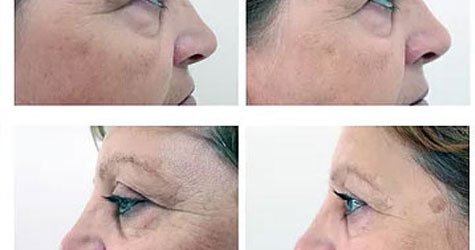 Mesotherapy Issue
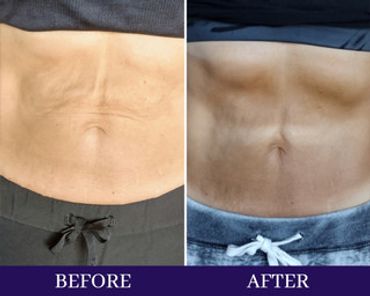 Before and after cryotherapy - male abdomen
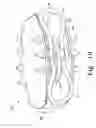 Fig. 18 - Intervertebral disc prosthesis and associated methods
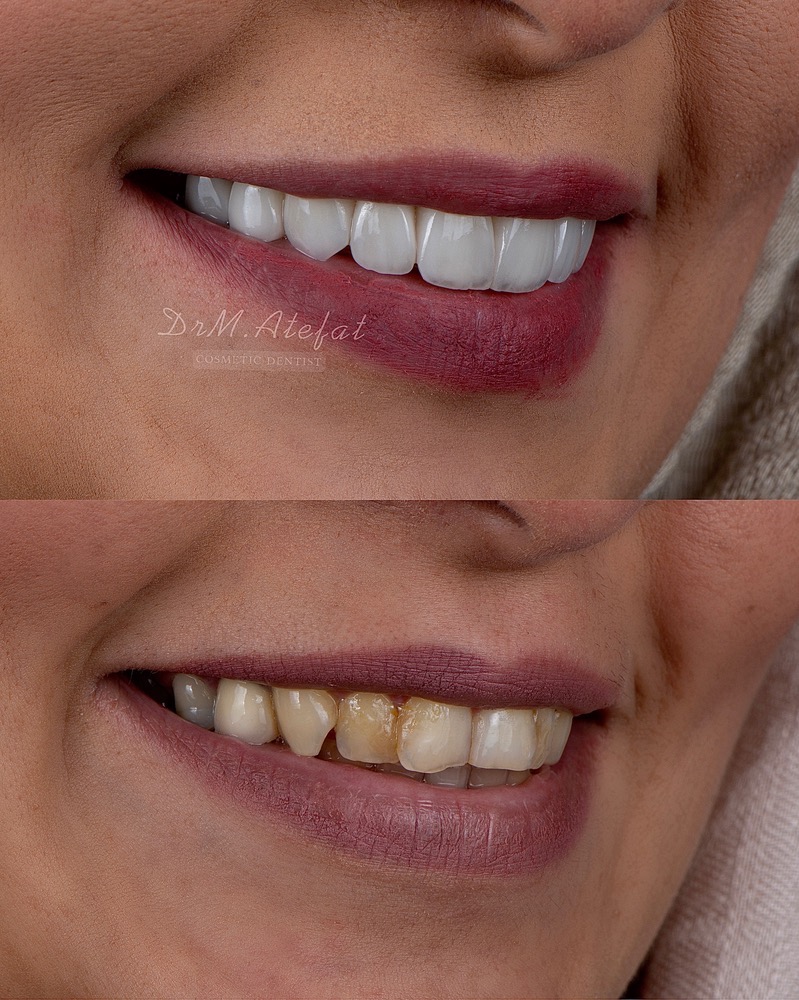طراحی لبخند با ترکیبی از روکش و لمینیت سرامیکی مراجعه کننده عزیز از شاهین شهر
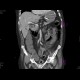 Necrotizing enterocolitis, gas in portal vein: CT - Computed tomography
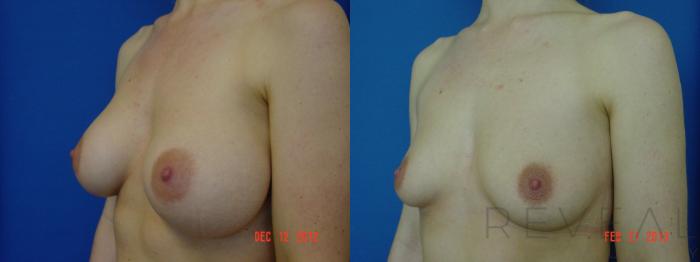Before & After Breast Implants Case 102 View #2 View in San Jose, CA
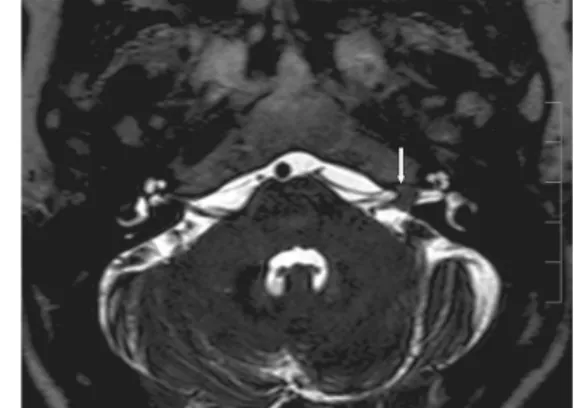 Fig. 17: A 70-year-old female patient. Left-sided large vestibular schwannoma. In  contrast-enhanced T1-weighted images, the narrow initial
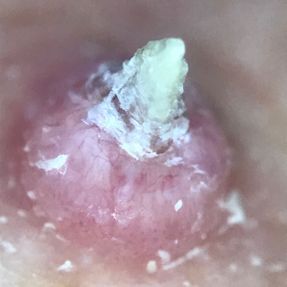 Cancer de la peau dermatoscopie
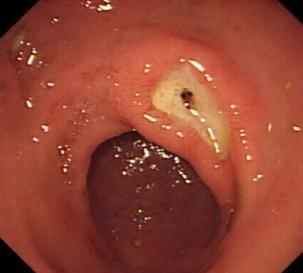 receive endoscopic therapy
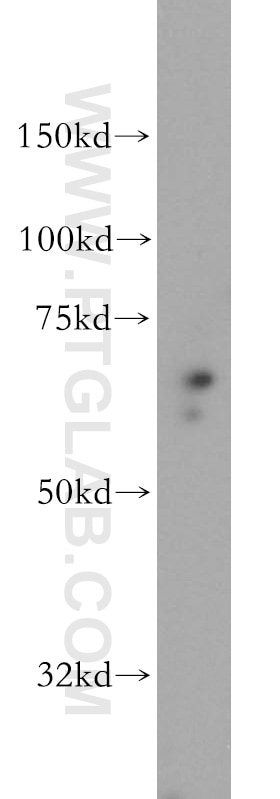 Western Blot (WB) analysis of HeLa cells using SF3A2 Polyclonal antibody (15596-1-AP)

━━━━━━━━━━

From the line containing "طراحی لبخند با" through the line containing "Before & After", copy every line above exactly, without pictures.

**REPLY TO THE EXERCISE**
طراحی لبخند با ترکیبی از روکش و لمینیت سرامیکی مراجعه کننده عزیز از شاهین شهر
 Necrotizing enterocolitis, gas in portal vein: CT - Computed tomography
Before & After Breast Implants Case 102 View #2 View in San Jose, CA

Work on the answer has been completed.